In January, the House passed a resolution that eliminated multiple gender-specific terms from a document pertaining to House rules. Why? Well, to “honor all gender identities” of course.
Terms like father, mother, son and daughter were given the ax — to name a few.
You might think this wackiness would set off some alarm bells among the journalists who pushed out countless pieces comparing Trump’s America to George Orwell’s “1984.” But these woke warriors champion Newspeak and gaslight anyone who questions it.
A headline in the main stream media reads, “Are We Really Criticizing Rep.
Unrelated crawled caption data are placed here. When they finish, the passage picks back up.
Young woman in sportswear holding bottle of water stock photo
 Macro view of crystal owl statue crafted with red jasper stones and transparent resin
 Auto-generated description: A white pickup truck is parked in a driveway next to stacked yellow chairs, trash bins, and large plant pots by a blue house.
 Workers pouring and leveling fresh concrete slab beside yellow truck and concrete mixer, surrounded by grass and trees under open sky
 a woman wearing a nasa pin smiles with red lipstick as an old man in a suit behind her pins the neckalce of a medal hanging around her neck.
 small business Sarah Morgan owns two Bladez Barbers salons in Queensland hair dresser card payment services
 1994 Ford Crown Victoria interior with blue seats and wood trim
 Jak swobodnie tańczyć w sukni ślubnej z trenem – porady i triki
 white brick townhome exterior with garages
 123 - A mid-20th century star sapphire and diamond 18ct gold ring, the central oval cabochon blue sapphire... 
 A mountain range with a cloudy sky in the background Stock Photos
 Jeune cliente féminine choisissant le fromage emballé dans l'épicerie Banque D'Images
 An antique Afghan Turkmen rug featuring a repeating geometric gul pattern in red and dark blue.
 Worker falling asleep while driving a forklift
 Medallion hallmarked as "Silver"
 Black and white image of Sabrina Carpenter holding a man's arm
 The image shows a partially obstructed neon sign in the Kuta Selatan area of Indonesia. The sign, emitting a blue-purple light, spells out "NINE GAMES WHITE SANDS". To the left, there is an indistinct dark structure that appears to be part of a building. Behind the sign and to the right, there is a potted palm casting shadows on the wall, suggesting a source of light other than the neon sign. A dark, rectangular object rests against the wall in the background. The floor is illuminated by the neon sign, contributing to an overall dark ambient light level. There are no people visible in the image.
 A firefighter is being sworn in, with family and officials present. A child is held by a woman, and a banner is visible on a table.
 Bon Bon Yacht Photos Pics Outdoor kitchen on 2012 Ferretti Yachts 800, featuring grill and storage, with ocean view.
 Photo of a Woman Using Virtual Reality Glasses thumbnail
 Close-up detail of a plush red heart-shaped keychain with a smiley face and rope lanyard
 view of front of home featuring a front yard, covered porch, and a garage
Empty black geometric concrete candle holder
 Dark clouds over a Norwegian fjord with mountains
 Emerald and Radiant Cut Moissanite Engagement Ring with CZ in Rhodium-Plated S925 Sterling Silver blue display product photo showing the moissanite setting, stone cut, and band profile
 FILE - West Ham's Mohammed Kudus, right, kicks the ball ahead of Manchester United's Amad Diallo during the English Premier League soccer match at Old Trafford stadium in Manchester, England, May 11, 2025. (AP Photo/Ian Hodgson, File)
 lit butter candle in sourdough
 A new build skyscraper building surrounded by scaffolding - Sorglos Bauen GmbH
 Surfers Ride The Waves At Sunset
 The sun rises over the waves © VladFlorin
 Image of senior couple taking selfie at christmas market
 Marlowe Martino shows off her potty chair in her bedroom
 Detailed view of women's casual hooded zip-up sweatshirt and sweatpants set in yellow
Cori Bush for ‘Birthing People’ Instead of Solving Black Maternal Mortality?”
Well, if the term birthing people is no big deal — then why use it?
The left can downplay these changes but the truth is they fully recognize the power of language and are constantly trying to wield it.
When definitions are ever-changing, then words become meaningless.
Suddenly, reality is whatever the Ministry of Truth wants it to be.
This screechfest is a product of Bush using not just the word “mothers” — which Bush uses in the very same sentence which is trying to instantiate the Orwellian semantic totalitarianism of the Left — but also the phrase “birthing people,” to refer to the fact that transgender men and non-binary persons also give birth.
Bill got upset about this because he considers this kind of politically correct speech (the right wing PC term for the former right wing PC term “politically correct” is now “woke;” please update your wingnut translators accordingly) to be harmful to Democrats, since it will push swing voters towards Republicans.
The argument is something like this: when normal people hear the word “mothers” being replaced by — actually in this case supplemented by — the phrase “birthing people,” they get anxious about being criticized for not using the “correct” term, even though the “correct” term strikes them as preposterous. And that anxiety pushes them rightward.
This is of course just a rehash of the now more than 30-year-old argument about political correctness, with many centrist types decrying what they see as over the top complaints about failures to use “inclusive” language etc.
These arguments aren’t completely baseless — people do in fact have anxieties about unintentionally giving offense because of shifting semantic practices — but they are almost always wildly overstated. I really like Bill, and very much admire how he was willing to pretty much upend his entire political world view in response to America’s right wing horrorshow. Nevertheless, is he really worried that he, or people like him, will get criticized for not using the term “birthing people” instead of “mothers?” Is this actually going to happen to anybody?
Ok it might happen in a faculty workshop on using gender inclusive language at Oberlin, where it will lead to much eye-rolling by various even the liberal types who will scoff at the absurdity of it all, even though if pressed they would admit that there actually are transgender people in the world and that directional men do have babies. But out in the real world, so called, 99.9% of the criticism and mockery for putatively inappropriate language use will be aimed at the people who are using phrases like “birthing people,” not at the people who have no idea what that phrase even means, i.e. 99.9999% of that subset of the American population that spends less than twenty hours a day on Twitter.
In other words, this is just another fake right wing culture war “controversy,” designed to play on the anxieties of people who are understandably anxious about a changing world that is often difficult to understand. It also allows right wingers to mock transgender people while hiding behind the usual nonsense about how we’re not even allowed to say X anymore ever since the blacks and the girls and especially the black girls started getting so uppity, right around the time race music started dominating the radio in the 1960s.
As long as we Boomers are still alive in large numbers, it will always still be the 1960s. That’s what arguments about politically correct aka woke speech have always been about and will always be about.